Goal of the exercise | In your copy, reproduce the entries exactly as they are, minus the images.

Material for this task |
BEGIN

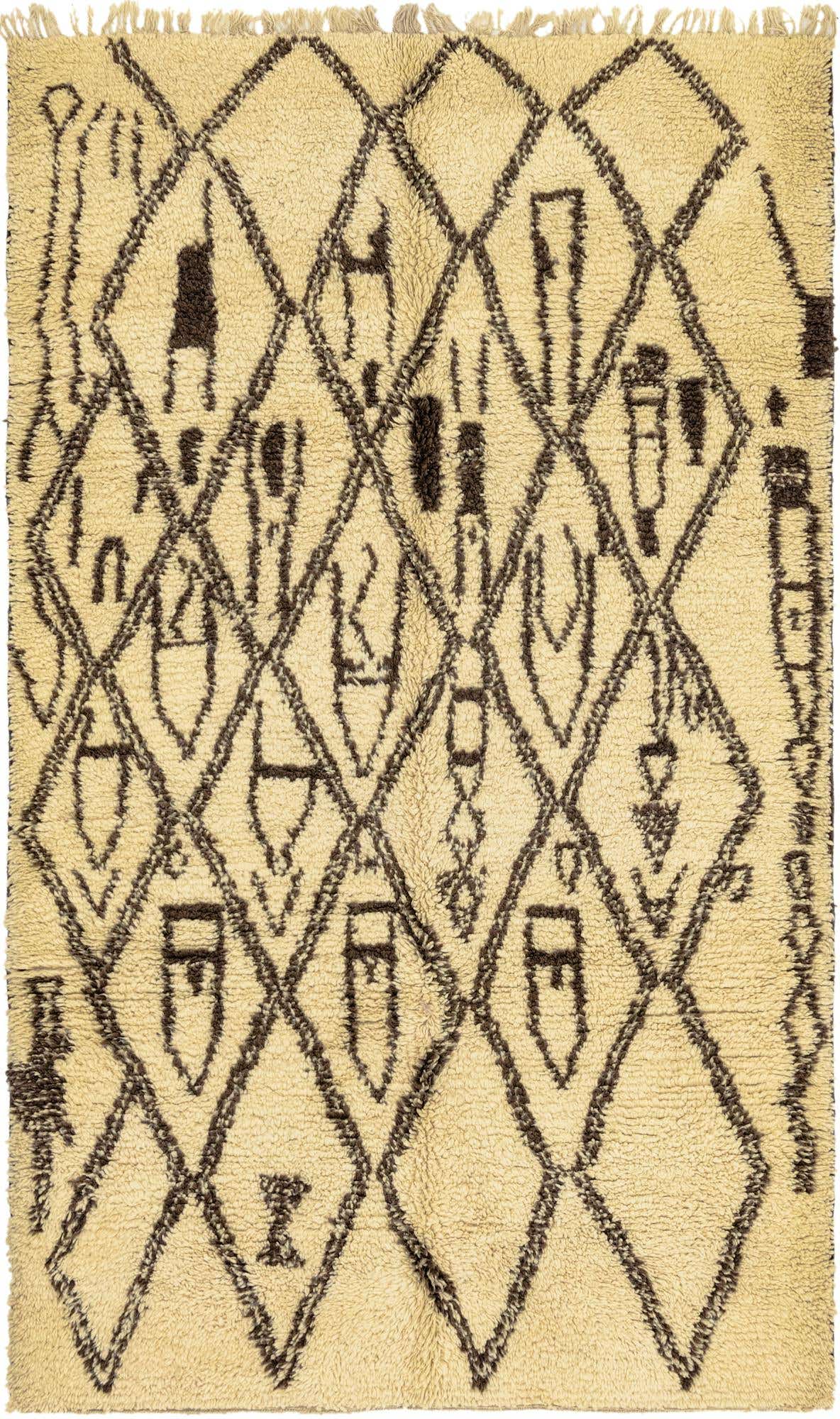 5' 6 x 9' 3 Hand Knotted Moroccan Wool Rug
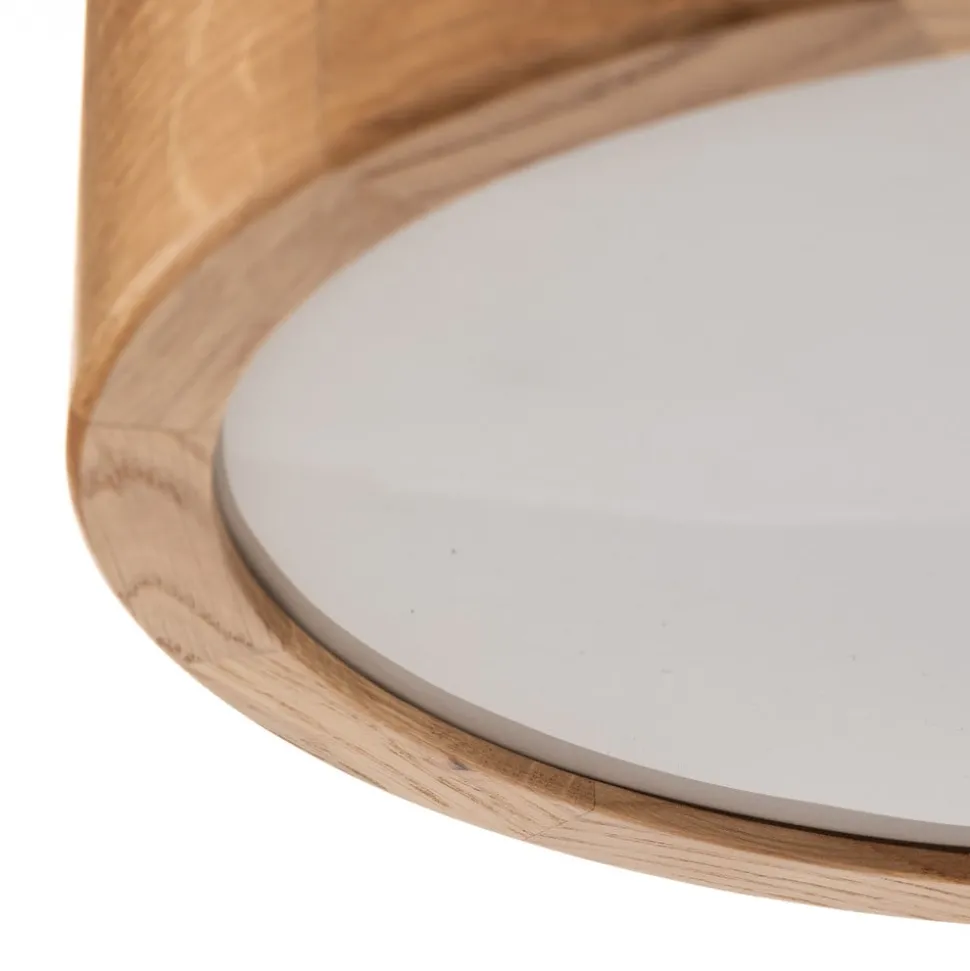 Cleo DR275 plafondlamp, IP54, Ø 27,5 cm, eikenhout, E27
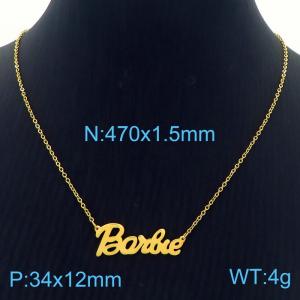 European and American fashion stainless steel 470x1.5mm thin O-chain splicing letter pendant jewelry charm gold necklace - KN282200-KLX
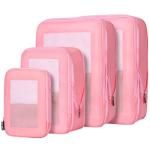 HDKJDPG 4 Set Ultralight Compression Packing Cubes Travel for Suitcases ，Compressible Mesh Packing Cubes for Travel Women Packing Organizers (Pink)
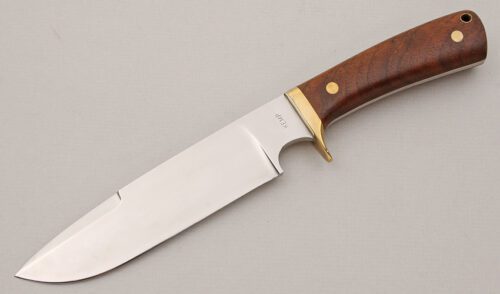 John Kemp U.S. Army Armor School Knife with Exotic Wood Scales handle material - Obverse Side - Item #KLC14991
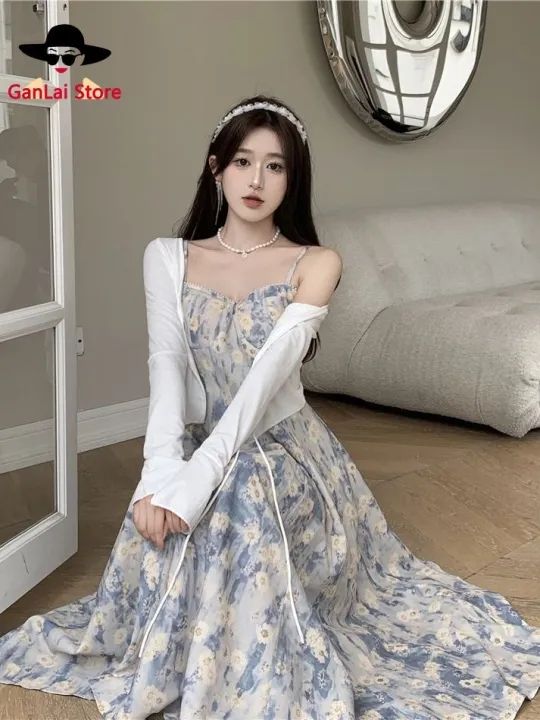 Women Dress Blue Dresses Oil Painting Suspender Dress Female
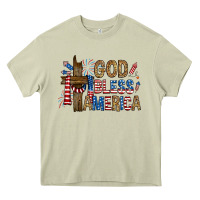 Mossy god  bless america with cross Heavy Core Tee - RanaPortraitStore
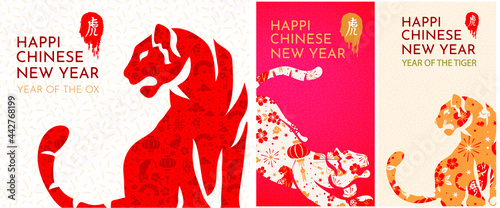 Design template for poster, banner, social media post. set of design design for instagram stories, Happy chinese new year, zodiac sign, year of the tiger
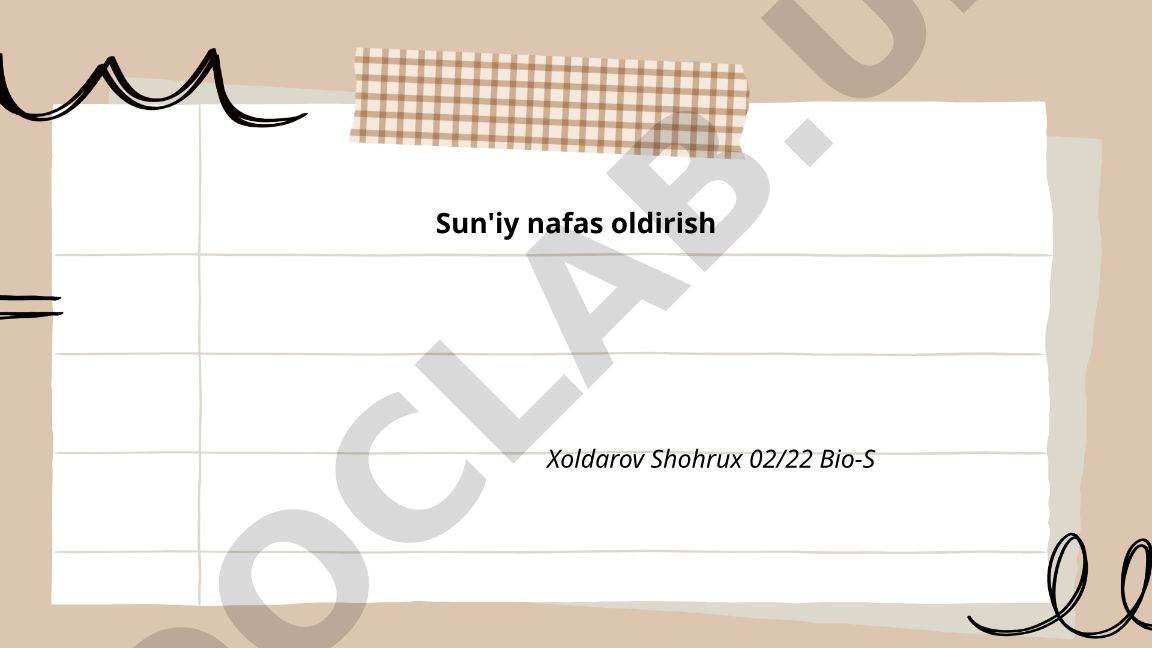 Sun'iy nafas oldirish: ta'rifi, maqsadi va ko'rsatmalari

END

Solution for this problem |
 5' 6 x 9' 3 Hand Knotted Moroccan Wool Rug
 Cleo DR275 plafondlamp, IP54, Ø 27,5 cm, eikenhout, E27
 European and American fashion stainless steel 470x1.5mm thin O-chain splicing letter pendant jewelry charm gold necklace - KN282200-KLX
 HDKJDPG 4 Set Ultralight Compression Packing Cubes Travel for Suitcases ，Compressible Mesh Packing Cubes for Travel Women Packing Organizers (Pink)
 John Kemp U.S. Army Armor School Knife with Exotic Wood Scales handle material - Obverse Side - Item #KLC14991
 Women Dress Blue Dresses Oil Painting Suspender Dress Female
 Mossy god  bless america with cross Heavy Core Tee - RanaPortraitStore
 Design template for poster, banner, social media post. set of design design for instagram stories, Happy chinese new year, zodiac sign, year of the tiger
 Sun'iy nafas oldirish: ta'rifi, maqsadi va ko'rsatmalari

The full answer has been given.